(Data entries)
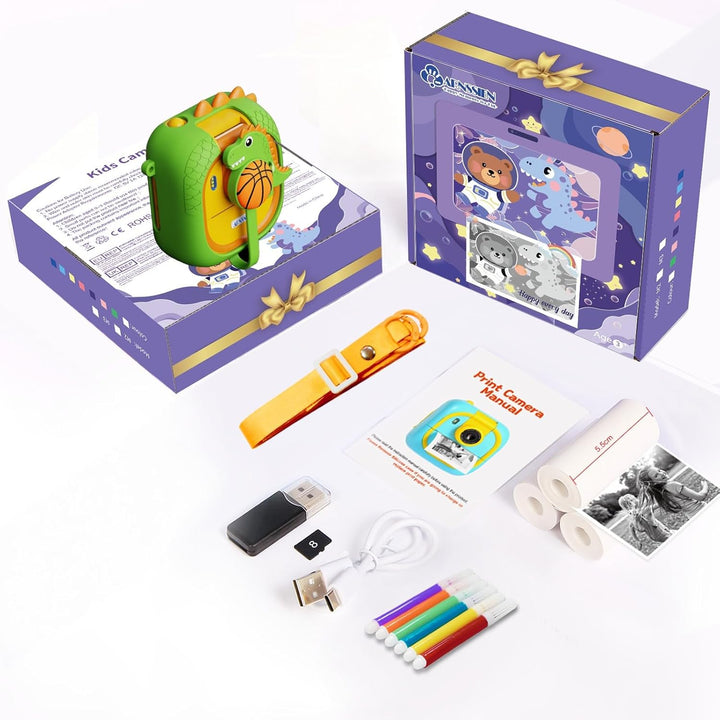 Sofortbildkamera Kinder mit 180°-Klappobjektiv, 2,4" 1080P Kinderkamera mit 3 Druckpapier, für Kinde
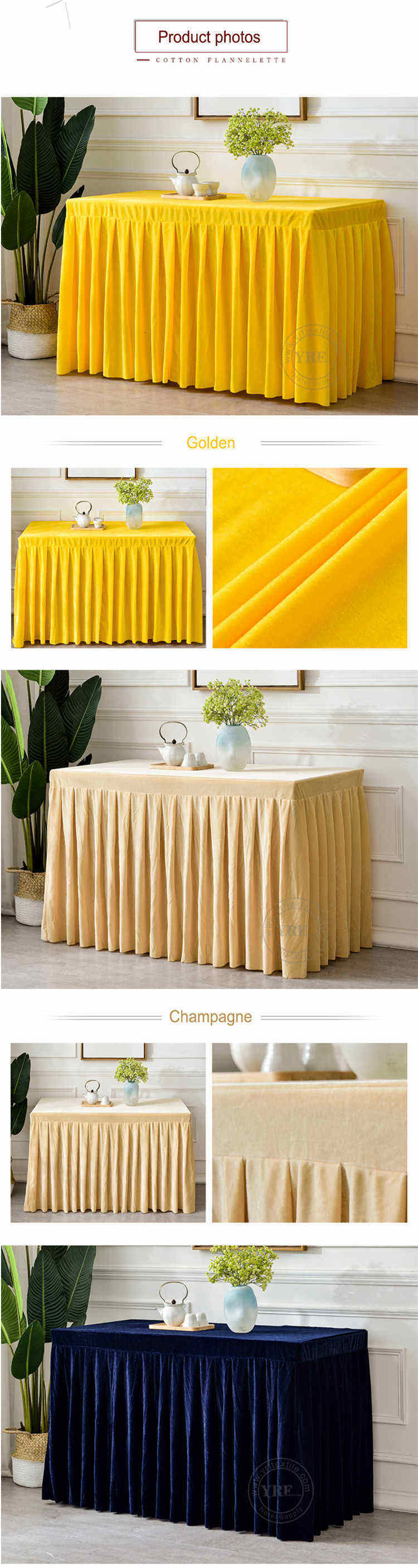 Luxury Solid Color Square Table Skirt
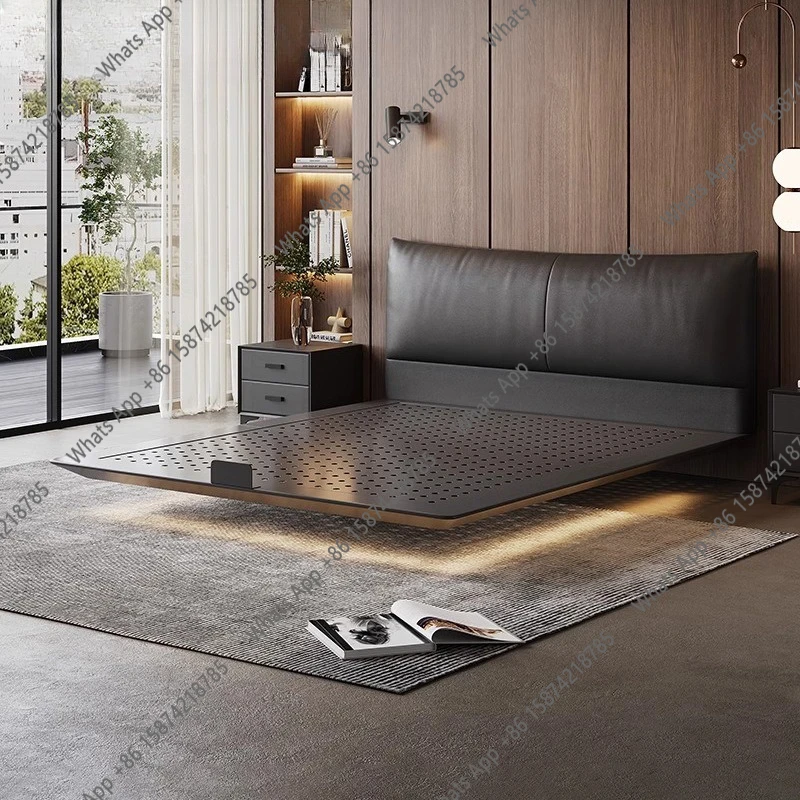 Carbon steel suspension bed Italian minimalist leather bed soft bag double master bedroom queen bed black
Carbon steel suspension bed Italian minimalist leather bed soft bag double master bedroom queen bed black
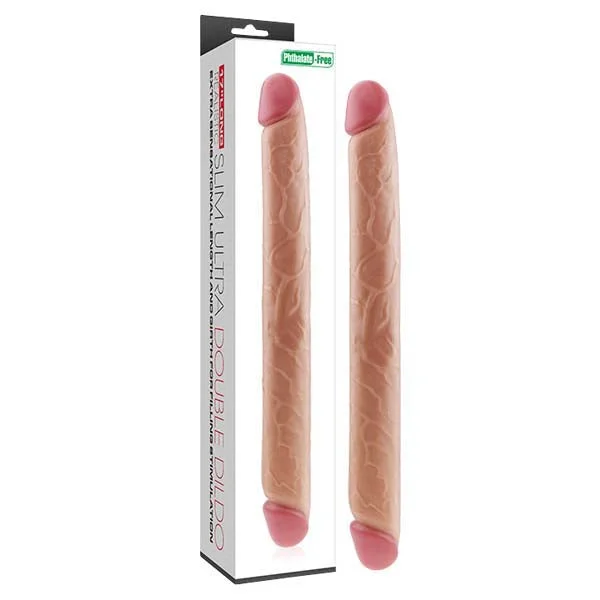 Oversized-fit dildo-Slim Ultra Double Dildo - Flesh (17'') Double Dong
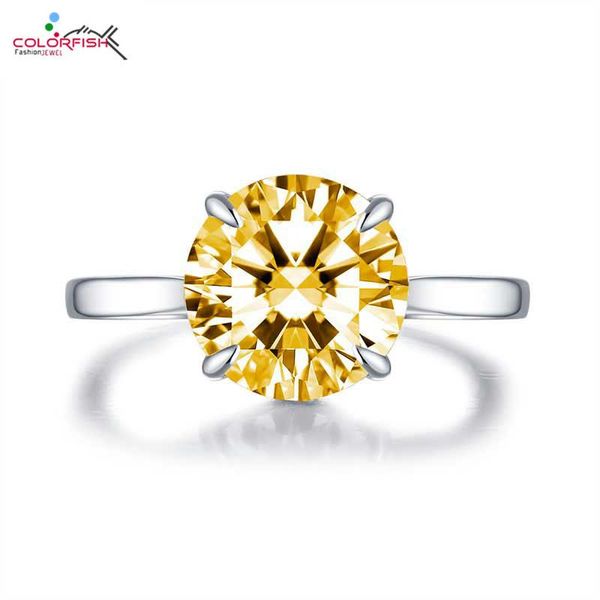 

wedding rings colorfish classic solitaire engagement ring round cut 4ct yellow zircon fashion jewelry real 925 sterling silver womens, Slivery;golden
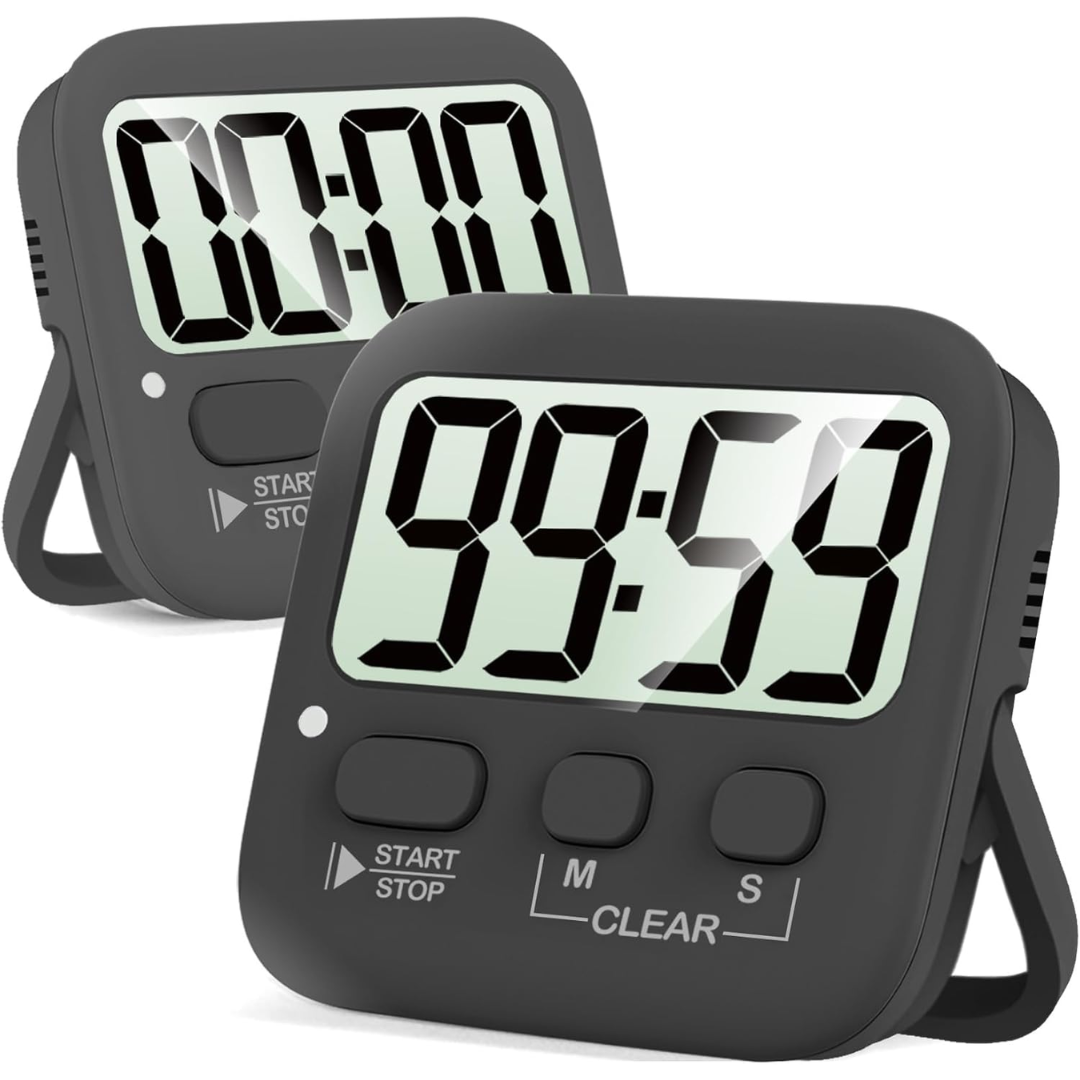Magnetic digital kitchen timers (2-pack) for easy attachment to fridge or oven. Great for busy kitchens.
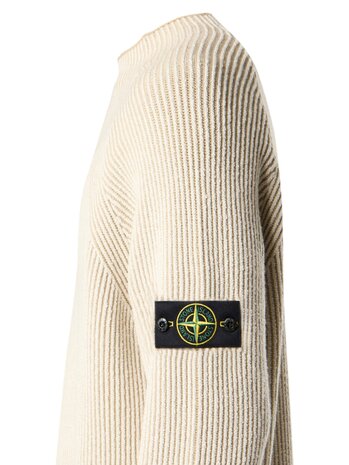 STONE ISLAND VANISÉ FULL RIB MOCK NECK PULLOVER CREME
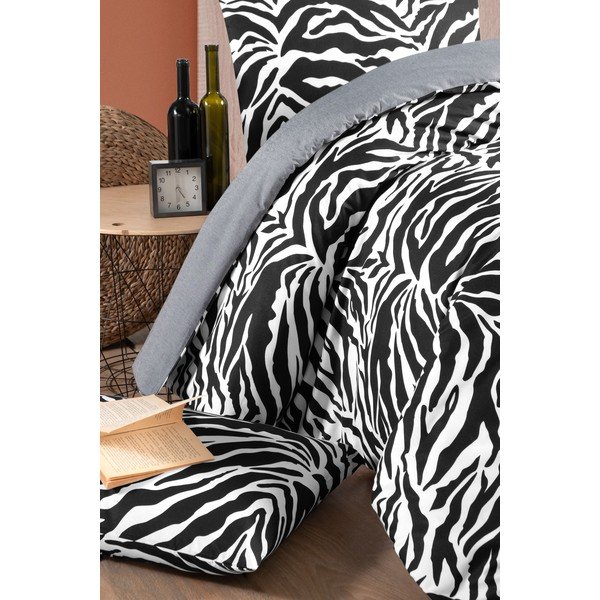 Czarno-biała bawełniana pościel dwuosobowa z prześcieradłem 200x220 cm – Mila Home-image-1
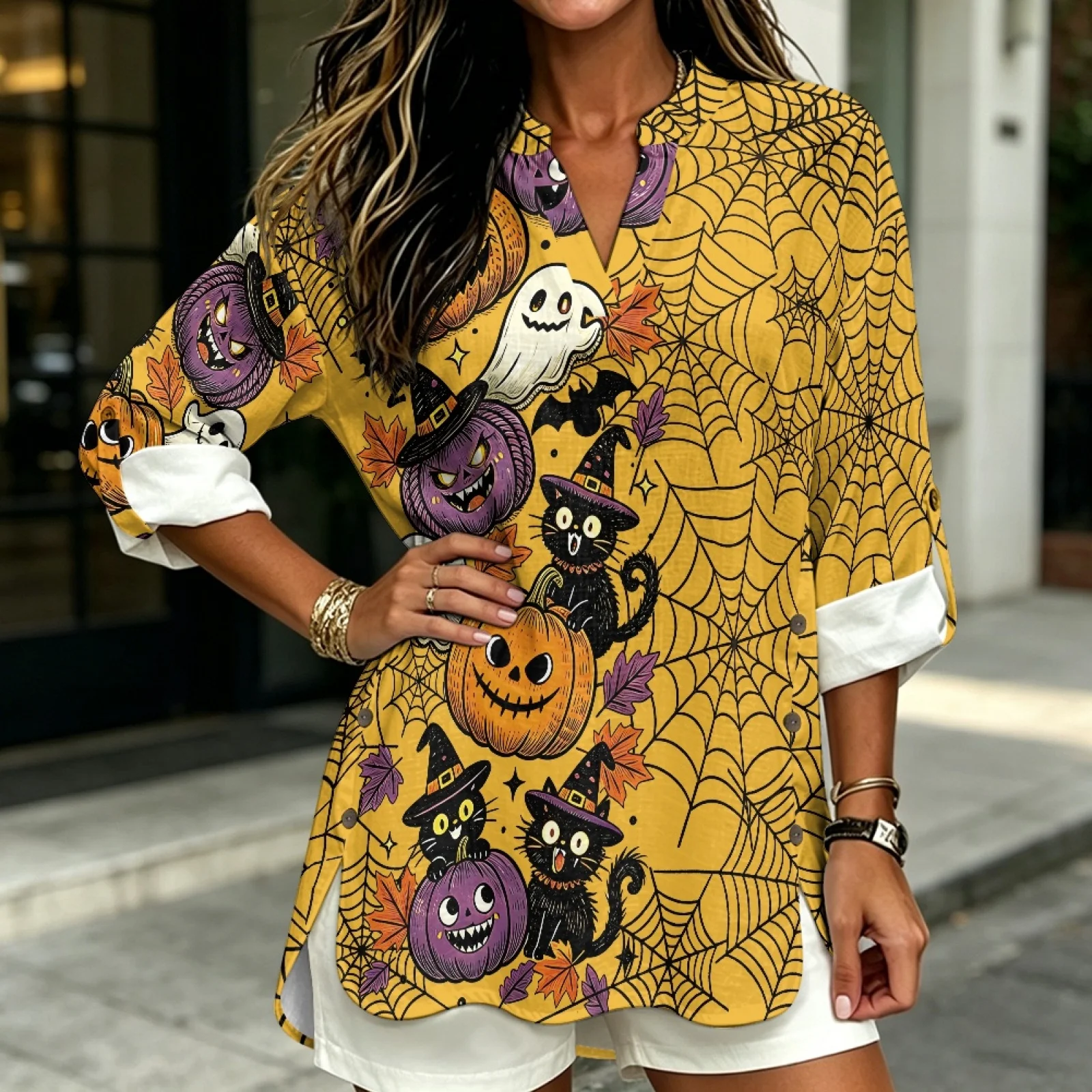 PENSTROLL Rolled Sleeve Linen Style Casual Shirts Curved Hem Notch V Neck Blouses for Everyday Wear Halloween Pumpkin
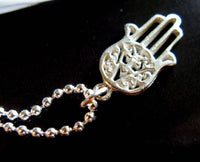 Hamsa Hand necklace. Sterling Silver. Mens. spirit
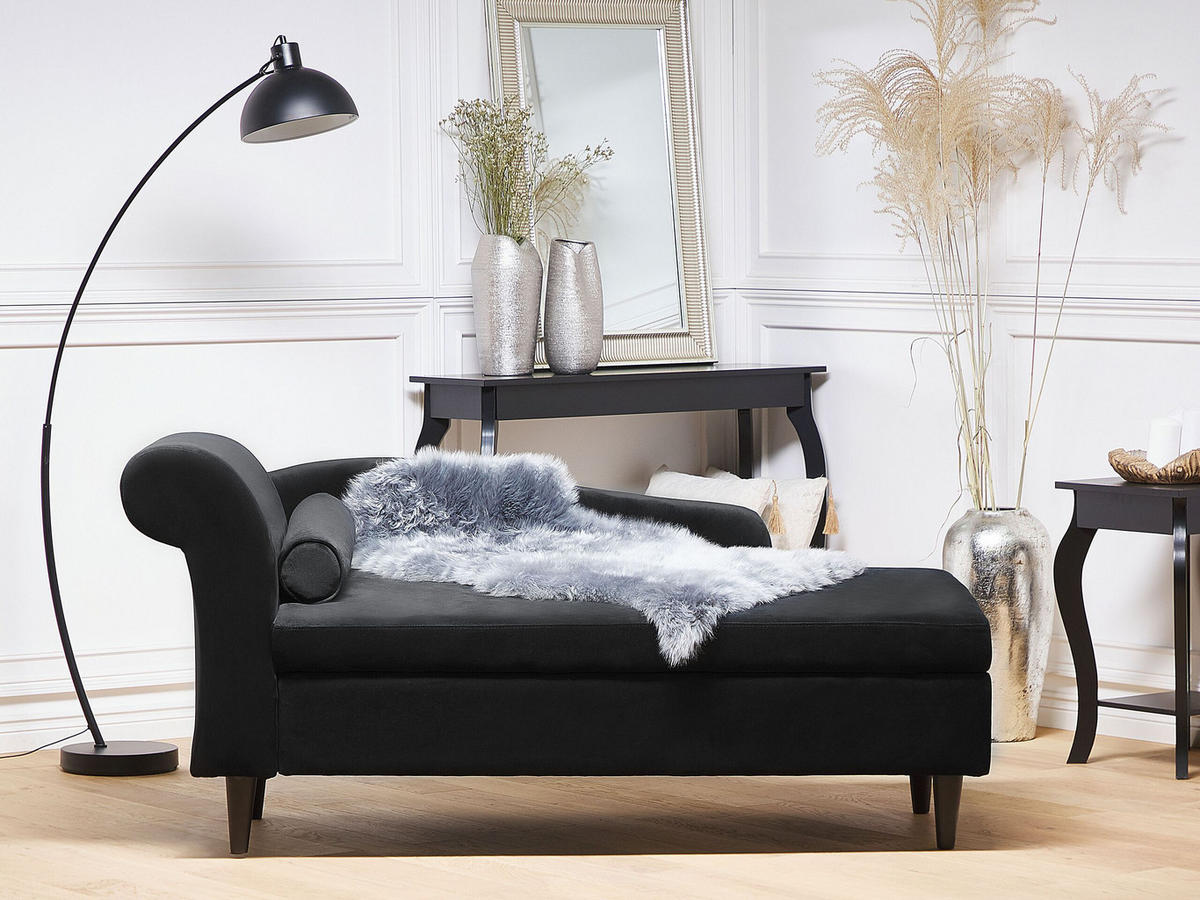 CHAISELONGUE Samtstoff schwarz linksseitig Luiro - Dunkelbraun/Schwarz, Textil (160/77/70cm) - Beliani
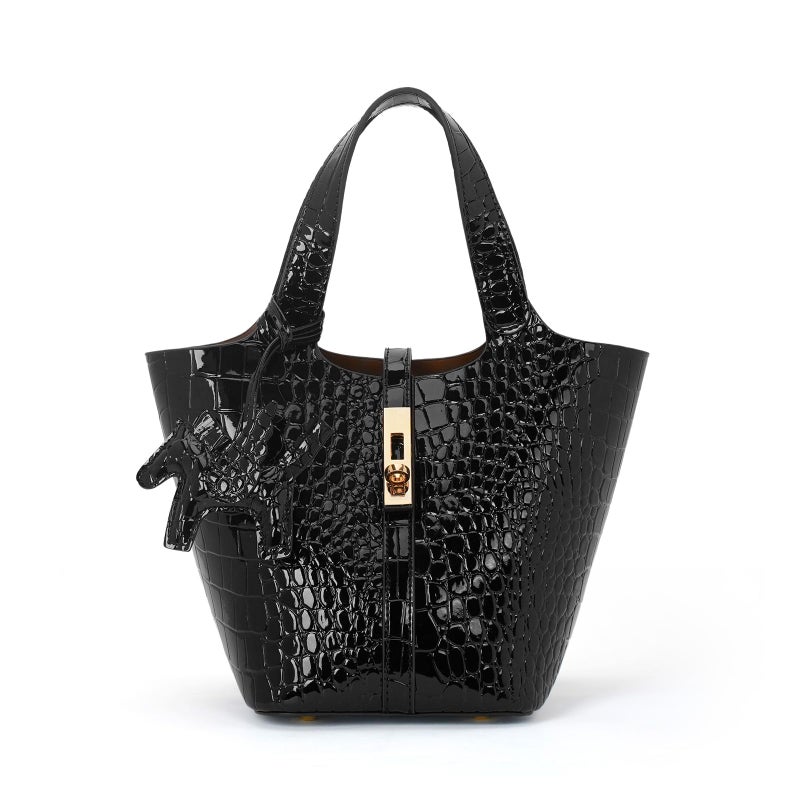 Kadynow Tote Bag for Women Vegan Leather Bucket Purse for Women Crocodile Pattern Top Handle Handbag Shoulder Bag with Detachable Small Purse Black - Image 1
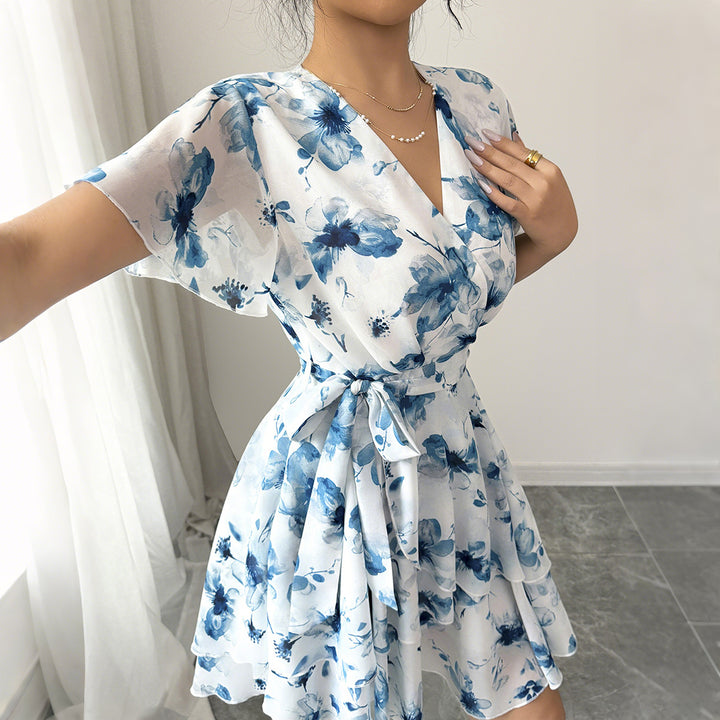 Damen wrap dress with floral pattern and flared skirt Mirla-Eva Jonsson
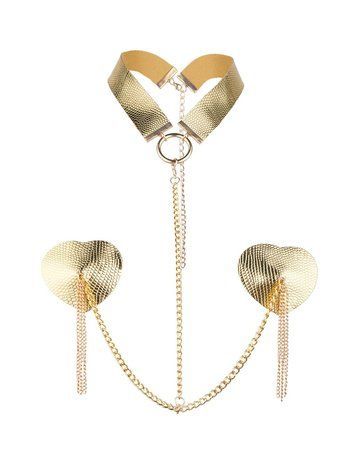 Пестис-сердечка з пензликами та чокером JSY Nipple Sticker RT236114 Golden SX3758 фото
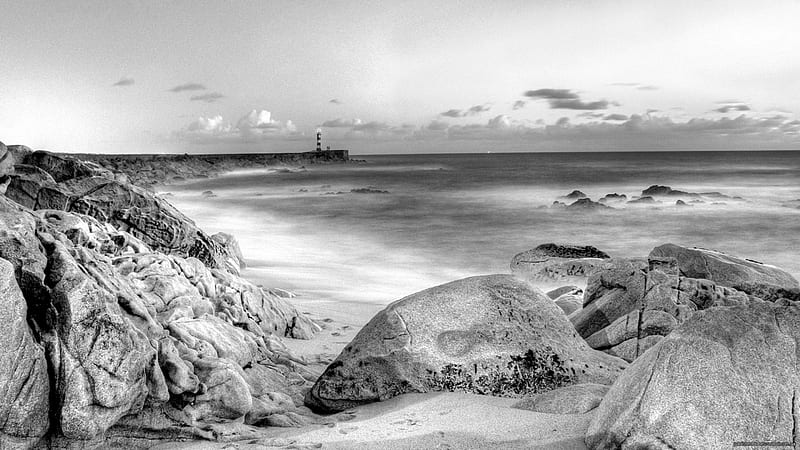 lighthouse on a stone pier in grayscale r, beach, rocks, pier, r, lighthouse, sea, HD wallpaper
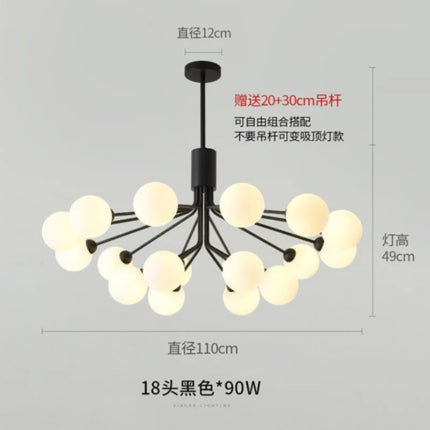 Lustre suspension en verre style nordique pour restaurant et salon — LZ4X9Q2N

■ TO DO: The answer is the entries above, given again exactly, with no pictures among them.

■ SOLUTION BELOW:
 Sofortbildkamera Kinder mit 180°-Klappobjektiv, 2,4" 1080P Kinderkamera mit 3 Druckpapier, für Kinde
 Luxury Solid Color Square Table Skirt
 Carbon steel suspension bed Italian minimalist leather bed soft bag double master bedroom queen bed black
Carbon steel suspension bed Italian minimalist leather bed soft bag double master bedroom queen bed black
 Oversized-fit dildo-Slim Ultra Double Dildo - Flesh (17'') Double Dong

wedding rings colorfish classic solitaire engagement ring round cut 4ct yellow zircon fashion jewelry real 925 sterling silver womens, Slivery;golden
Magnetic digital kitchen timers (2-pack) for easy attachment to fridge or oven. Great for busy kitchens.
 STONE ISLAND VANISÉ FULL RIB MOCK NECK PULLOVER CREME
 Czarno-biała bawełniana pościel dwuosobowa z prześcieradłem 200x220 cm – Mila Home-image-1
 PENSTROLL Rolled Sleeve Linen Style Casual Shirts Curved Hem Notch V Neck Blouses for Everyday Wear Halloween Pumpkin
 Hamsa Hand necklace. Sterling Silver. Mens. spirit
 CHAISELONGUE Samtstoff schwarz linksseitig Luiro - Dunkelbraun/Schwarz, Textil (160/77/70cm) - Beliani
 Kadynow Tote Bag for Women Vegan Leather Bucket Purse for Women Crocodile Pattern Top Handle Handbag Shoulder Bag with Detachable Small Purse Black - Image 1
 Damen wrap dress with floral pattern and flared skirt Mirla-Eva Jonsson
 Пестис-сердечка з пензликами та чокером JSY Nipple Sticker RT236114 Golden SX3758 фото
 lighthouse on a stone pier in grayscale r, beach, rocks, pier, r, lighthouse, sea, HD wallpaper
 Lustre suspension en verre style nordique pour restaurant et salon — LZ4X9Q2N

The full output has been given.